**What you need to do:**
If an entry holds a picture, skip the picture but copy everything else exactly.

**Given information:**

------------------------------------------------------------------------

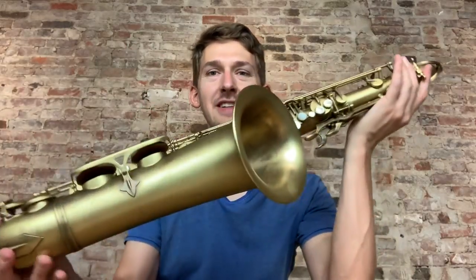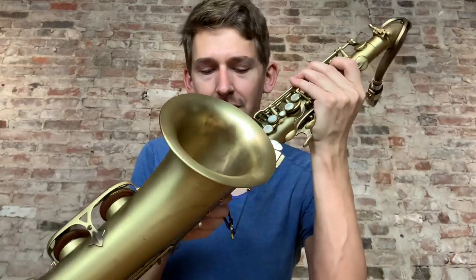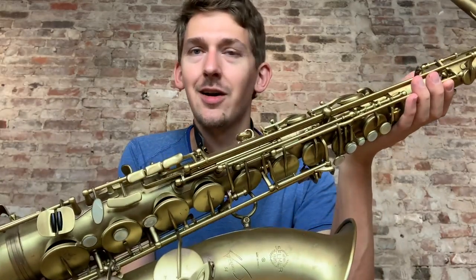Hi everybody. Today I'm going to do a play test on a confinement Selma reference 54 tenner, not finished. It just came into our shop for sale. It's in great shape, so if someone wants a good price on one of these used, I would recommend checking this out. It plays awesome. Hopefully you enjoy this video. Please comment below. Thanks.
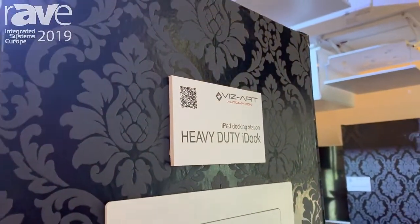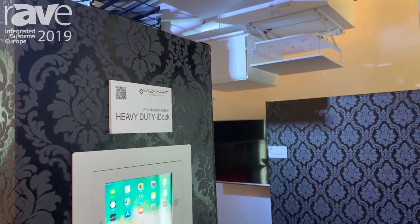Hello, welcome to IAC 2019. I'm Marek Nowowilski, and I represent Vizart Automation Company.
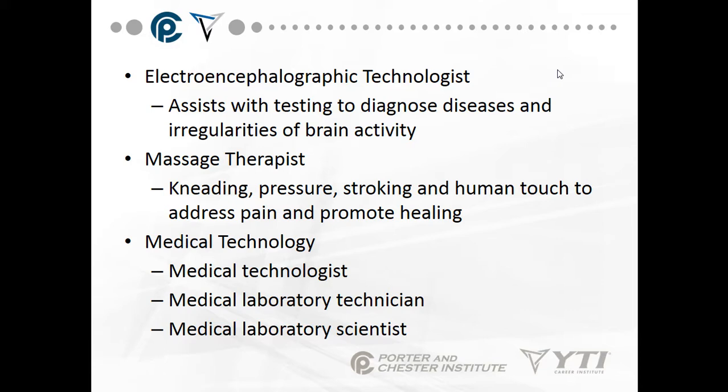An electroencephalographic technologist assists with testing to diagnose diseases and irregularities of brain activity — putting leads on your head to watch the electrical conductivity in your brain. A massage therapist uses kneading, pressure, stroking, and human touch to address pain and promote healing and circulation.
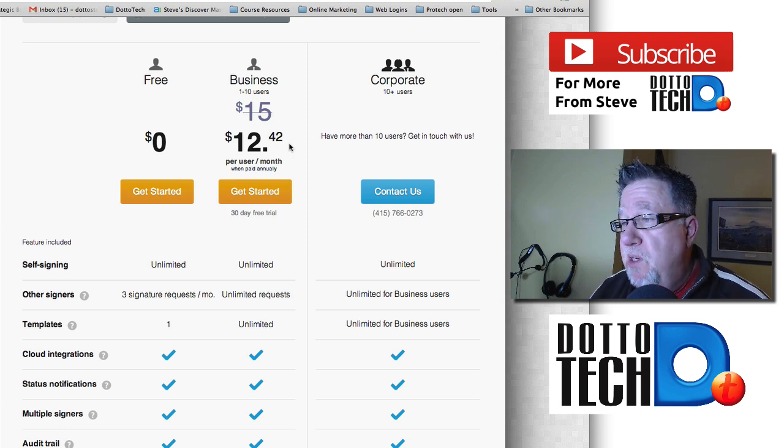If you're in the real estate business, if you're in the insurance business, if you're in an area where you've got lots of different types of documents that need signatures, this is a solution that is going to work spectacularly for you. I hope I've done a good job of explaining HelloSign to you. I appreciate you spending time with me today. I'm Steve Dotto — we'll see you soon.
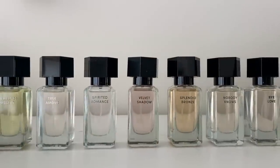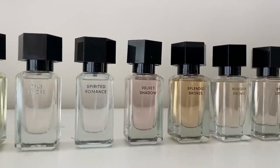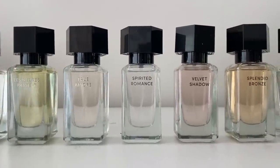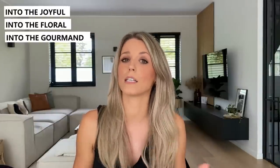These new fragrances come in both 100ml and 30ml bottles. In Belgium I paid 13 euros for the 30ml and 23 euros for the 100ml. In the United States you'll pay roughly 30 dollars for 100ml and almost 16 dollars for 30ml. In Canada it's roughly 40 Canadian dollars for 100ml and 20 Canadian dollars for 30ml. This new Minimal Collection consists of four categories with two fragrances in each: Into the Joyful, Into the Floral, Into the Gourmand, and Into the Woods.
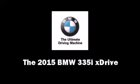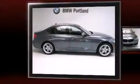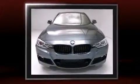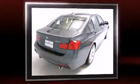The 2015 BMW 3 Series. This four-door, five-passenger sedan offers the latest in technological innovation and style. Under the hood, you'll find a six-cylinder engine with more than 300 horsepower, providing a smooth and predictable driving experience.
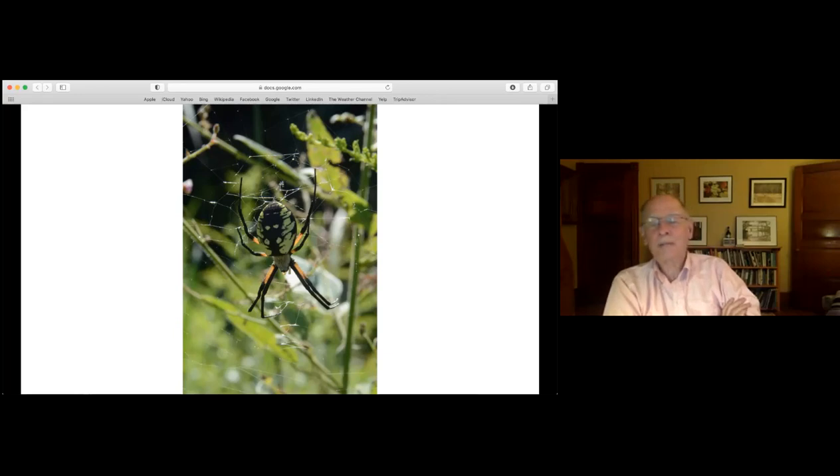Spiders get their webs to cross a path by relying on wind - they're very light and wind blows them from one place to another while they spin out their silken web. There are reports of pilots of light airplanes finding spiders on their windshields at two or three thousand feet in the air because the spider miscalculated what the wind would do.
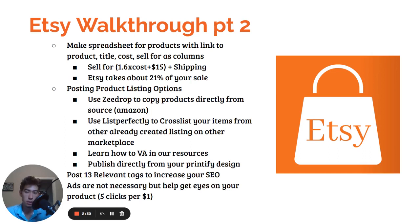You're going to use List Perfectly to cross-list your items directly from another marketplace like eBay or Mercari. You can cross-list them really easily — it'll copy all the pictures, description, title, and everything you need to post listings really fast. You're going to want to post like 100 to 500 listings on your Etsy store. You can also use a VA, or publish your listings directly from Printify — Printify will just ship it out for you, which is a good strategy if you want to make your own designs. Put 13 relevant tags on your product.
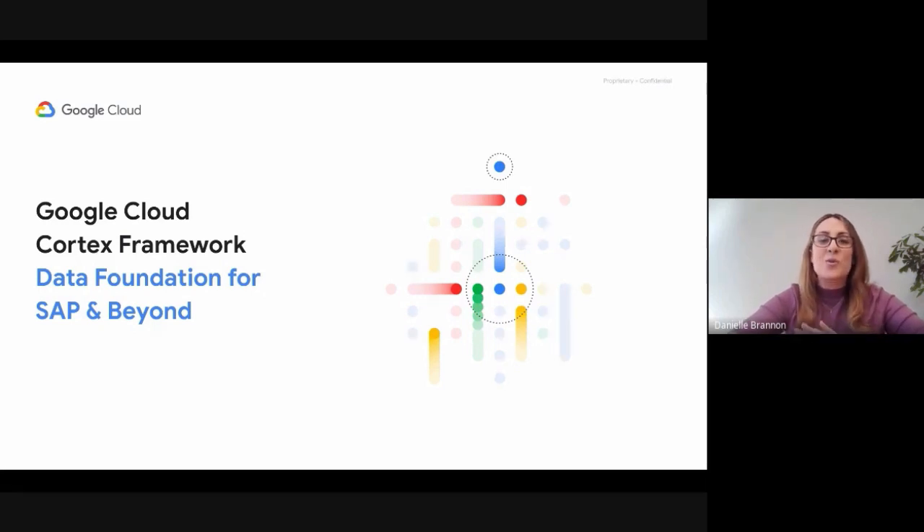Hello, and welcome to this session: Google Cloud Cortex Framework Data Foundation for SAP and beyond. I'm Danielle Brannan, a Solution Manager in Google Cloud Cortex Framework. And I'm joined by my colleague, Lucia Subathan, a Technical Lead for Cortex Framework.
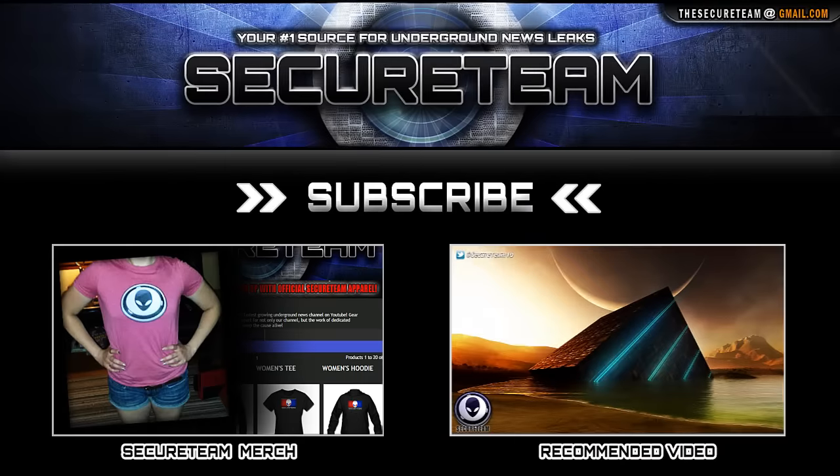Thanks for stopping by. Be sure to stick around — we may have another video up tonight focusing on some new UFO footage that was sent in. There's a lot of other things I want to talk about that I can't fit into a 15 or 20 minute video. Stay tuned, hit the like button on your way out, and I'll see you back in just a bit. Stay safe guys.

------------------------------------------------------------------------

**Task result:**
Hi everybody. Today I'm going to do a play test on a confinement Selma reference 54 tenner, not finished. It just came into our shop for sale. It's in great shape, so if someone wants a good price on one of these used, I would recommend checking this out. It plays awesome. Hopefully you enjoy this video. Please comment below. Thanks.
Hello, welcome to IAC 2019. I'm Marek Nowowilski, and I represent Vizart Automation Company.
An electroencephalographic technologist assists with testing to diagnose diseases and irregularities of brain activity — putting leads on your head to watch the electrical conductivity in your brain. A massage therapist uses kneading, pressure, stroking, and human touch to address pain and promote healing and circulation.
If you're in the real estate business, if you're in the insurance business, if you're in an area where you've got lots of different types of documents that need signatures, this is a solution that is going to work spectacularly for you. I hope I've done a good job of explaining HelloSign to you. I appreciate you spending time with me today. I'm Steve Dotto — we'll see you soon.
These new fragrances come in both 100ml and 30ml bottles. In Belgium I paid 13 euros for the 30ml and 23 euros for the 100ml. In the United States you'll pay roughly 30 dollars for 100ml and almost 16 dollars for 30ml. In Canada it's roughly 40 Canadian dollars for 100ml and 20 Canadian dollars for 30ml. This new Minimal Collection consists of four categories with two fragrances in each: Into the Joyful, Into the Floral, Into the Gourmand, and Into the Woods.
The 2015 BMW 3 Series. This four-door, five-passenger sedan offers the latest in technological innovation and style. Under the hood, you'll find a six-cylinder engine with more than 300 horsepower, providing a smooth and predictable driving experience.
Spiders get their webs to cross a path by relying on wind - they're very light and wind blows them from one place to another while they spin out their silken web. There are reports of pilots of light airplanes finding spiders on their windshields at two or three thousand feet in the air because the spider miscalculated what the wind would do.
You're going to use List Perfectly to cross-list your items directly from another marketplace like eBay or Mercari. You can cross-list them really easily — it'll copy all the pictures, description, title, and everything you need to post listings really fast. You're going to want to post like 100 to 500 listings on your Etsy store. You can also use a VA, or publish your listings directly from Printify — Printify will just ship it out for you, which is a good strategy if you want to make your own designs. Put 13 relevant tags on your product.
Hello, and welcome to this session: Google Cloud Cortex Framework Data Foundation for SAP and beyond. I'm Danielle Brannan, a Solution Manager in Google Cloud Cortex Framework. And I'm joined by my colleague, Lucia Subathan, a Technical Lead for Cortex Framework.
Thanks for stopping by. Be sure to stick around — we may have another video up tonight focusing on some new UFO footage that was sent in. There's a lot of other things I want to talk about that I can't fit into a 15 or 20 minute video. Stay tuned, hit the like button on your way out, and I'll see you back in just a bit. Stay safe guys.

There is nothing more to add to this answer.